The online detection system for apple quality detection.

Figure 14

A few of prediction results for independent testing dataset.

Figure 15

Confusion matrix of proposed model for the separate testing dataset.

Although the detection and classification accuracy will be affected by the complicated working environment such as Apple’s moving speed, the number, performance and angle of cameras³⁹, the detection and classification results obtained by proposed model were superior to spectral imaging technology^9,11,12,40 and traditional machine vision method^22,23. Feature learning was an advantage of deep convolutional networks over traditional image processing method. Zhang et al.⁴¹ researched blueberry bruising using VGG-16 model (popular architectures). Due to the large number of layers and training parameters of the popular framework, the calculation time did not meet the requirements of Apple's detection and classification. Therefore, a new model for apple detection and classification was proposed in this article.

Conclusions

In this paper, a novel method based on Convolutional Neural Networks (CNN) was proposed and employed for apple quality classification containing disturbing background. Three methods of proposed model based on CNN, Google Inception v3 model (popular architectures) and HOG/GLCM + SVM (traditional imaging process method) were trained and validated to identify apple quality. The proposed model was trained and validated with best training and validation accuracy of 99% and 98.98%, respectively. The greatest accuracy generated by Google Inceptionv3 model in training and validation were 92% and 91.2%, respectively. The SVM classifier was trained based on the GLCM and HOG features to distinguish apple quality with the overall accuracy of 78.14% for validation data set. The proposed model was more acceptable than the other two methods from the accurate results. In addition, the training time of proposed model, Google Inception v3 model and HOG/GLCM + SVM were 27, 51, and 287 min, respectively.
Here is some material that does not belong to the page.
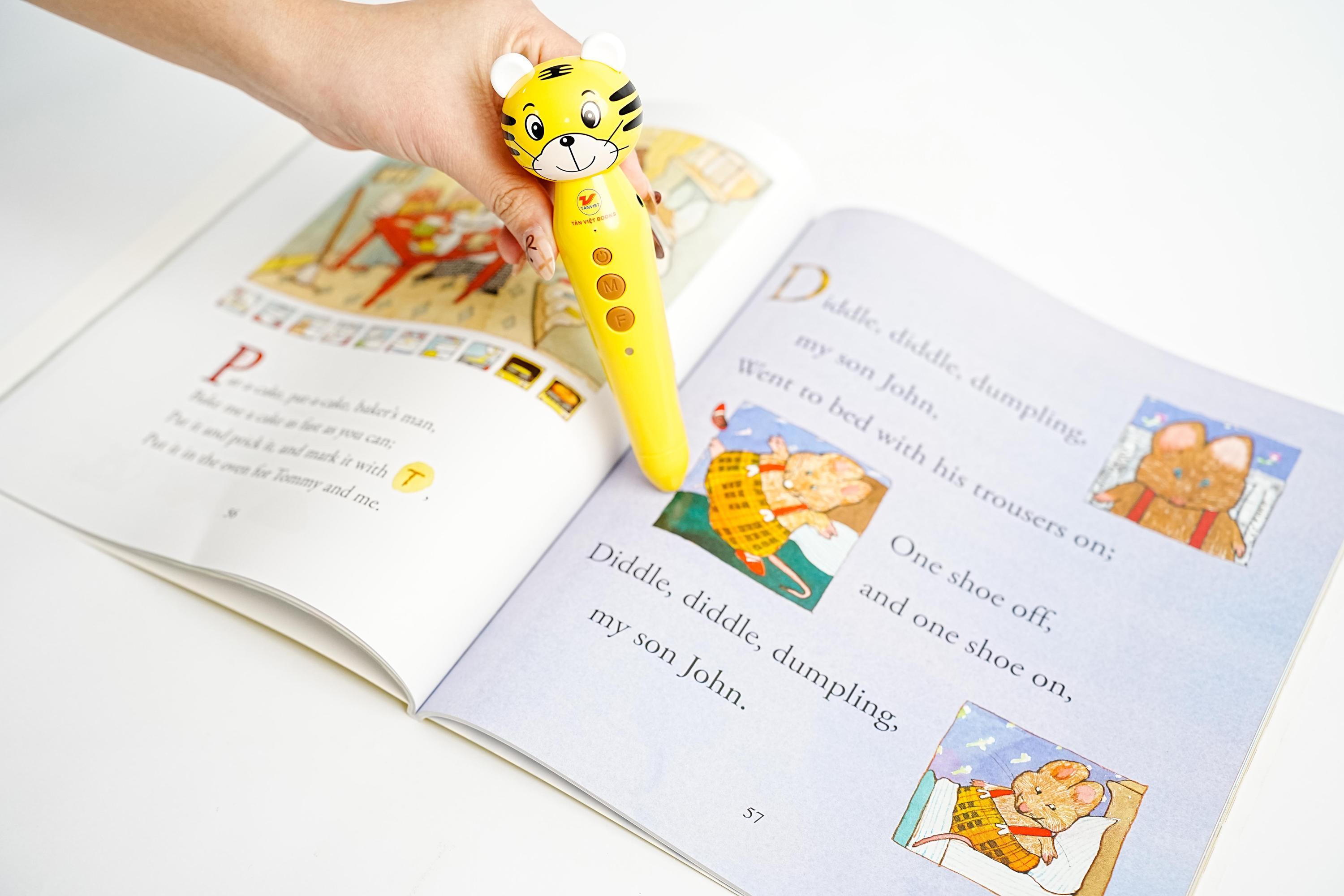 Sách - Bút Chấm Đọc-Học Tiếng Anh Tân Việt - Cô Gia Sư Tiếng Anh Bản Xứ Tại Nhà - Phiên Bản Ngỗng Mẹ (Dành Cho Trẻ Từ 0 Đến 6 Tuổi) - Tặng Sách Tỏa Sáng Trong Đêm - Chúc Ngủ Ngon Ông Già Noel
The proposed model took the shortest times for training process. Moreover, three methods were tested using independent testing set, obtaining the accuracy of 95.33%, 91.33%, and 77.67%, respectively. The overall results showed that the proposed model has great potential in apple quality detection and classification. The proposed model detects more apple quality attributes including color, size, types, ripe or unripe, and physiological disorders in the future. The proposed model can be further extended to identify more than three categories of apple quality and classify other fruits. The proposed model will be deployed real online sorting equipment to test it performance in the future.